This paper is organized as follows. In Sect. 2, we state the problem being considered in this work. In Sect. 3, we present a transformation that will be used to develop some of the models. In Sect. 4, we introduce two continuous and differentiable nonlinear models for avoiding overlapping between ellipsoids. In Sect. 5, we propose nonlinear models for including an ellipsoid inside an ellipsoid and inside a half-space. Some illustrative numerical experiments are presented in Sect. 6. We close the paper with some concluding remarks in Sect. 7. The computer implementation of the models and methods introduced in the present work, as well as the reported solutions, are freely available at http://www.ime.usp.br/~lobato/.

2 Problem statement

An ellipsoid in \({\mathbb {R}}^n\) is a set of the form \({\mathcal {E}}= \{x \in {\mathbb {R}}^n \mid (x-c)^{\top } M^{-1} (x-c) \le 1\}\), where \(M~\in ~{\mathbb {R}}^{n \times n}\) is a symmetric and positive definite matrix. The vector \(c \in {\mathbb {R}}^n\) is the center of the ellipsoid. The eigenvectors of \(M^{-1}\) determine the principal axes of the ellipsoid and the eigenvalues of \(M^{\frac{1}{2}}\) are the lengths of the semi-axes of the ellipsoid. If M is a positive multiple of the identity matrix, then the ellipsoid is a ball. More specifically, if \(M = r^2I_{n}\) for some \(r > 0\), then the ellipsoid is a ball with radius r. An ellipsoid in a two-dimensional space is also called an ellipse. We denote by \(\partial {\mathcal {E}}\) the frontier of \({\mathcal {E}}\), i.e., \(\partial {\mathcal {E}} = \{x \in {\mathbb {R}}^n \mid (x-c)^{\top }M^{-1}(x-c) = 1\}\). We denote by \(\text {int}({\mathcal {E}})\) the interior of \({\mathcal {E}}\), i.e., \(\text {int}({\mathcal {E}}) = \{x \in {\mathbb {R}}^n \mid (x-c)^{\top }M^{-1}(x-c) < 1\}\). We say that two ellipsoids overlap if there exists a point that belongs to the interior of both ellipsoids. We say that two ellipsoids touch each other if they do not overlap and there exists a point that belongs to the frontier of both ellipsoids.

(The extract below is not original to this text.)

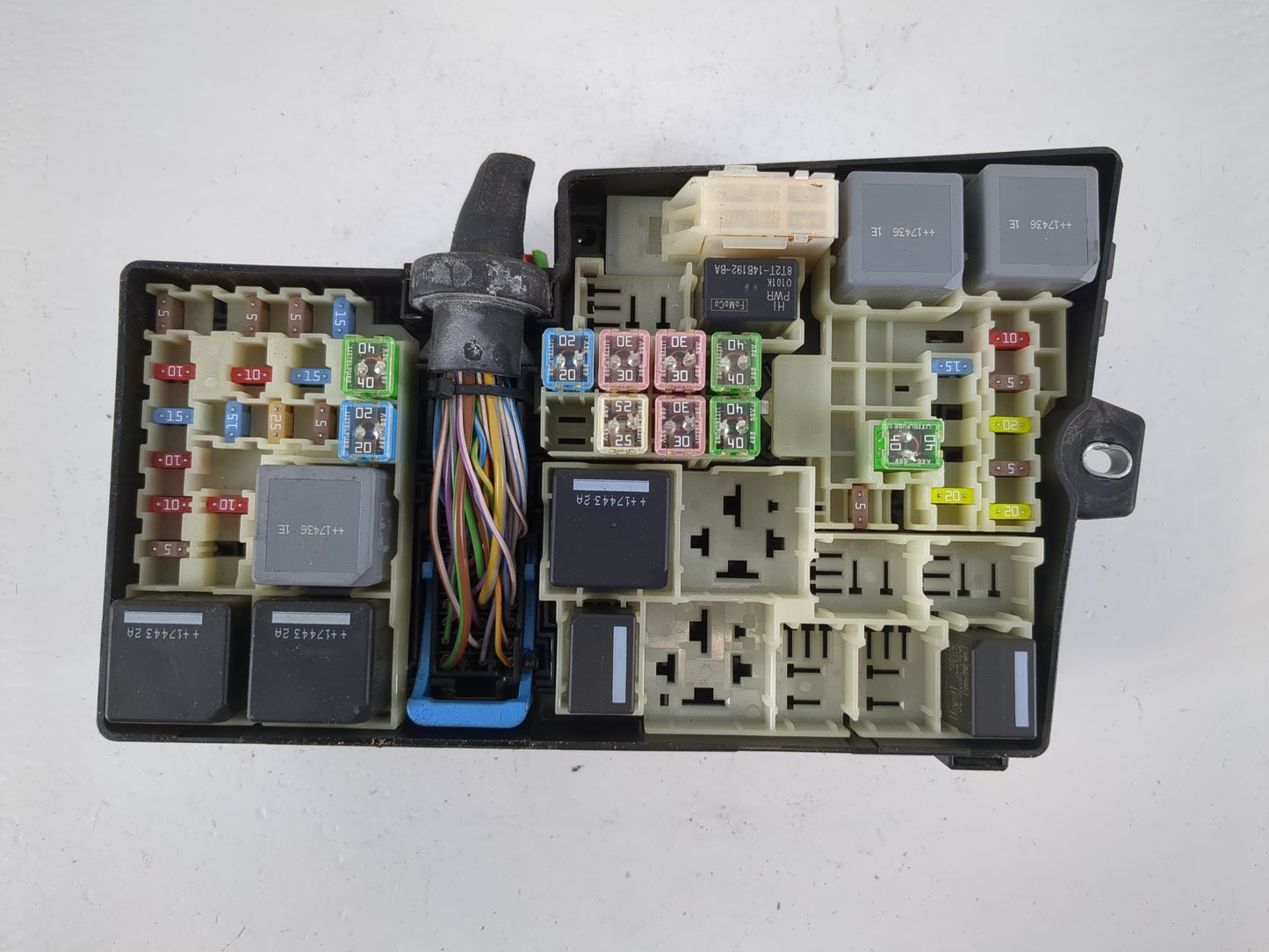 2018 Ford Escape Fusebox Fuse Box Panel Relay Module P/N:AV6T-14A067-AD Fits OEM Used Auto Parts - Oemusedautoparts1.com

In this work, we deal with the problem of packing ellipsoids in the n-dimensional space. We can state this problem as follows. Given ellipsoids \({\mathcal {E}}_1, \dots , {\mathcal {E}}_m\) in \({\mathbb {R}}^n\) and a set \({\mathcal {C}}\subset {\mathbb {R}}^n\), that we call a container from now on, we want to find ellipsoids \(\bar{{\mathcal {E}}}_1, \dots , \bar{{\mathcal {E}}}_m\) such that

  1. 1.

    \(\bar{{\mathcal {E}}}_i\) is obtained by rotating and translating ellipsoid \({\mathcal {E}}_i\) for all \(i \in \{1,\dots ,m\}\);

  2. 2.

    \(\text {int}(\bar{{\mathcal {E}}}_i) \cap \text {int}(\bar{{\mathcal {E}}}_j) = \emptyset \) for all \(i,j \in \{1,\dots ,m\}\) with \(i \ne j\);

  3. 3.

    \(\bar{{\mathcal {E}}}_i \subseteq {\mathcal {C}}\) for each \(i \in \{1,\dots ,m\}\).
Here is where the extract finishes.